Maria Martuscello, BSN, RN, CPN, cardiology nurse, is January’s Employee of the Month. Martuscello, who has been with Boston Children’s for more than 20 years, is part of the Electrophysiology Program (EP). She’s often the first to arrive in the morning and, on the rare occasions when she can’t make it in, she checks remote transmissions from home. She’ll also often stay late, moving her schedule around to meet the needs of the clinic, and is such an integral part of the program that, when she went on vacation last summer, it took an entire village to make up for her absence.
Martuscello’s role involves a lot of patient risk; she is after all managing pacemakers and ICDs in fragile patients with congenital heart disease, heart block and cardiac arrhythmias. Meeting that challenge requires developing an immense knowledge base and cultivating great attention to detail and Martuscello more than rises to the challenge. She knows every pacemaker patient personally, displays expert clinical judgment, doesn’t miss any details, and, as her teammates explain, has an innate sense for when something is amiss: “Maria has unparalleled expertise in cardiac rhythm management devices and our team relies on her specialized knowledge each and every day.”

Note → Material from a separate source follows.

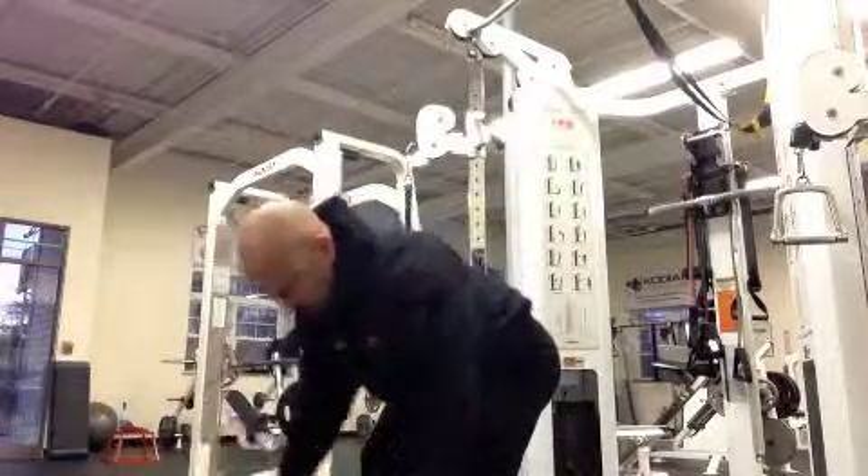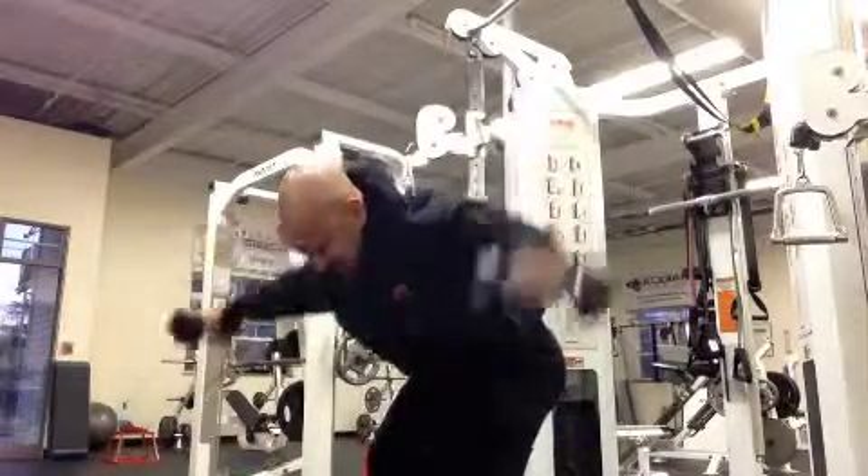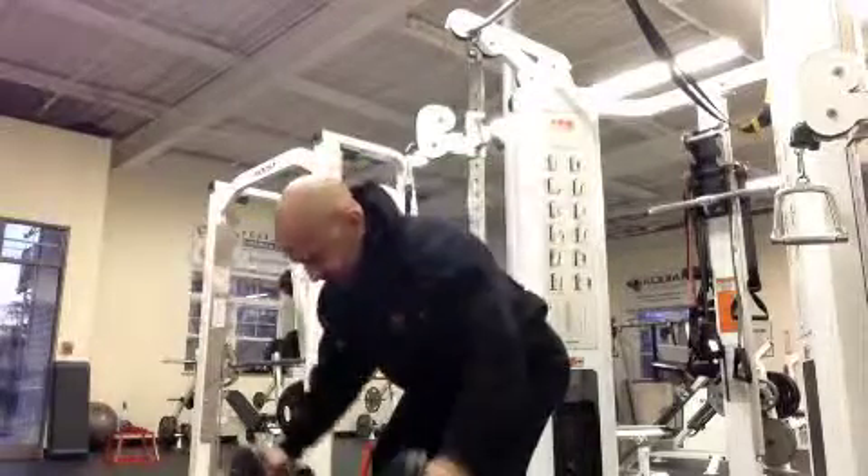Bend over to about 30 degrees, keeping your head aligned with your back and neck. Raise out to the side and lower slowly.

Her colleagues throughout the hospital also consider loyalty among her greatest assets. Martescullo has served as the hospital’s only pacemaker/ICD nurse since July, when her colleague left Boston Children’s. “Summer is the busiest time of year on our service, and not an easy time to be understaffed, but Maria has persevered and continued to practice at the highest level,” one of her teammates says. “She has quietly and humbly done the work of two nurses.”
Within EP and within the outpatient cardiovascular nursing program, Martuscello as deeply valued for her willingness to provide assistance and share her constantly expanding expertise whenever asked. Little surprise then that she is frequently sought out by staff, fellows and nurses for just that. She has trained many of the cardiology fellows in EP devices. As one former fellow put it, “I would not hesitate to state that more than 90 percent of my current knowledge in device interrogation and management is the product of Maria’s patient and detailed teaching.” As one nurse explains, “despite her workload essentially doubling, she has shown incredible stamina and dedication as she has risen to the occasion during these transitions.”